ARTICLE BY JONAH ASHCRAFT | PHOTOS BY JACKIE SUTTON
When Ashlee Griffith enrolled in a science-education class at The University of Alabama, she was hoping to help change a stereotypical image of elementary-school classrooms: kids glued to desk chairs, reading textbooks or reviewing multiplication tables.
UA students in the CEE 304/550 Teaching Early Childhood and Elementary School Science course work with teams of elementary children called STEM-gineers to create science, technology, engineering and math projects.
“Kids said things like, ‘Wow, this is so fun!
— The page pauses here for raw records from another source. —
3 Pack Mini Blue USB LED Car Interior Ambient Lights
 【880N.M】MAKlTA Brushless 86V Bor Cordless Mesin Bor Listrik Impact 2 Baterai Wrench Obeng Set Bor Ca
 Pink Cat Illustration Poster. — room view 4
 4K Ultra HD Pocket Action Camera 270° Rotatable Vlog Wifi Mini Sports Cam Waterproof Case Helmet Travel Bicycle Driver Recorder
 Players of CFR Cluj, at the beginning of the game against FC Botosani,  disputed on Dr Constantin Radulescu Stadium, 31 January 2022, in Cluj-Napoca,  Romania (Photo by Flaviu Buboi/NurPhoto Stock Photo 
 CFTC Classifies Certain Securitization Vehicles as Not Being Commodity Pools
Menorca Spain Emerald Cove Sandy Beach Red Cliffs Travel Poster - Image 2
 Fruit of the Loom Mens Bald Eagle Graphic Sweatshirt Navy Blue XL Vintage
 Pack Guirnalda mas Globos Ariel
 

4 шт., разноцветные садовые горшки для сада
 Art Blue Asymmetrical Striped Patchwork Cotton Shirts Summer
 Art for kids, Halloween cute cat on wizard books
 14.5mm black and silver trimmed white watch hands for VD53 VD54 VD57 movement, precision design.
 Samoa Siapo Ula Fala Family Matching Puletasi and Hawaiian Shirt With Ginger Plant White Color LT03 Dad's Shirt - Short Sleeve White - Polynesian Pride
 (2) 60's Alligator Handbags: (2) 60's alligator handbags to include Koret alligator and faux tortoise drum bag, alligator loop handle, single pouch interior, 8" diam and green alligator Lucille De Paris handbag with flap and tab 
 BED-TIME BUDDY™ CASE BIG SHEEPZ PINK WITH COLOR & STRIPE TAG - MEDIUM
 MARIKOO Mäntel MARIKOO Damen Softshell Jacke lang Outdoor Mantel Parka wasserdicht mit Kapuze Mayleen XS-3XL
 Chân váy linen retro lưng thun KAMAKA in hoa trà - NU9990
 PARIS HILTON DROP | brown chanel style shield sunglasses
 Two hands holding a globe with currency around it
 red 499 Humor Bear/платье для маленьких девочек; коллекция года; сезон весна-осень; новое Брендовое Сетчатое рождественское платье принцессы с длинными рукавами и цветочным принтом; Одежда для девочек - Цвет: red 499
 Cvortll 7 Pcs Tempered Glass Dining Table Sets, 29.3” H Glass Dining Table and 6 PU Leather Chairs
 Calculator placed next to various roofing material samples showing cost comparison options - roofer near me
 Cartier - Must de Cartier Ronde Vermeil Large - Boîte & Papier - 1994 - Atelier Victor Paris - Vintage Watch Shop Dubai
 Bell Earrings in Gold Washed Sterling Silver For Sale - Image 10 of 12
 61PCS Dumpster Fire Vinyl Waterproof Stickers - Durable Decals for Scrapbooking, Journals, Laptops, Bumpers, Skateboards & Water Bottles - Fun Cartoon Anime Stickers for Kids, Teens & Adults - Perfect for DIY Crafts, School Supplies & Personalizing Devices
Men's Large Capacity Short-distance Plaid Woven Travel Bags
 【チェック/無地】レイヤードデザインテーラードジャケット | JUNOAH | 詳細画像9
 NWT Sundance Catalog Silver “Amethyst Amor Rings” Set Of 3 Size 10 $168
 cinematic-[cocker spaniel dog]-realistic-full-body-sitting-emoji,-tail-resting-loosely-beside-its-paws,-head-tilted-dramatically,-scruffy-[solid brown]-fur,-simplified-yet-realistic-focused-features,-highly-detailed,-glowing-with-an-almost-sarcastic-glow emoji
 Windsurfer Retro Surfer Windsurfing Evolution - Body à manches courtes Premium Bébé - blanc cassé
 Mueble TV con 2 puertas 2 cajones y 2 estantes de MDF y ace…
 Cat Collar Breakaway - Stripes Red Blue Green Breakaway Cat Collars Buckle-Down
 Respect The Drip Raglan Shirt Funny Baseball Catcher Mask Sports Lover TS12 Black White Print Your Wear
We never get to do stuff like this!’” says Griffith, who is from Savannah, Ga., and recently graduated with a degree in elementary education. “It was enlightening to see you could let kids know school could be fun and interesting, especially in the more scientific fields.” Griffith currently teaches fourth grade at Chesney Elementary School in Atlanta.
Through the CEE 304/550 class, UA students learn to explore children’s prior ideas about science and to teach the subject in pre-K through sixth-grade classrooms, with emphasis on education through inquiry and engineering practices.
“Many children who don’t normally enjoy school are eager to participate,” says Diana Marchant, a teacher at Woodland Forrest Elementary School in Tuscaloosa. “The others are all about figuring out how experiments work and how they can try them at home.”
UA students make sure projects are hands-on and engaging, Griffith says. “One project we did for the younger kids involved learning the life cycle of plants,” she says. “We had the students plant seeds in a garden and then return periodically to see the plants’ growth. The kids loved being engaged and getting to see the progress their work had created.”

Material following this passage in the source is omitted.